- **Required action**
The whole of the data must be transcribed exactly.

- **Given data**
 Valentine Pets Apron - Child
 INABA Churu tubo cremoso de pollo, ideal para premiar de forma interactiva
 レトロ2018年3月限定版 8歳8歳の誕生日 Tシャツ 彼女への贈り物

- **Written response**
 Valentine Pets Apron - Child
 INABA Churu tubo cremoso de pollo, ideal para premiar de forma interactiva
 レトロ2018年3月限定版 8歳8歳の誕生日 Tシャツ 彼女への贈り物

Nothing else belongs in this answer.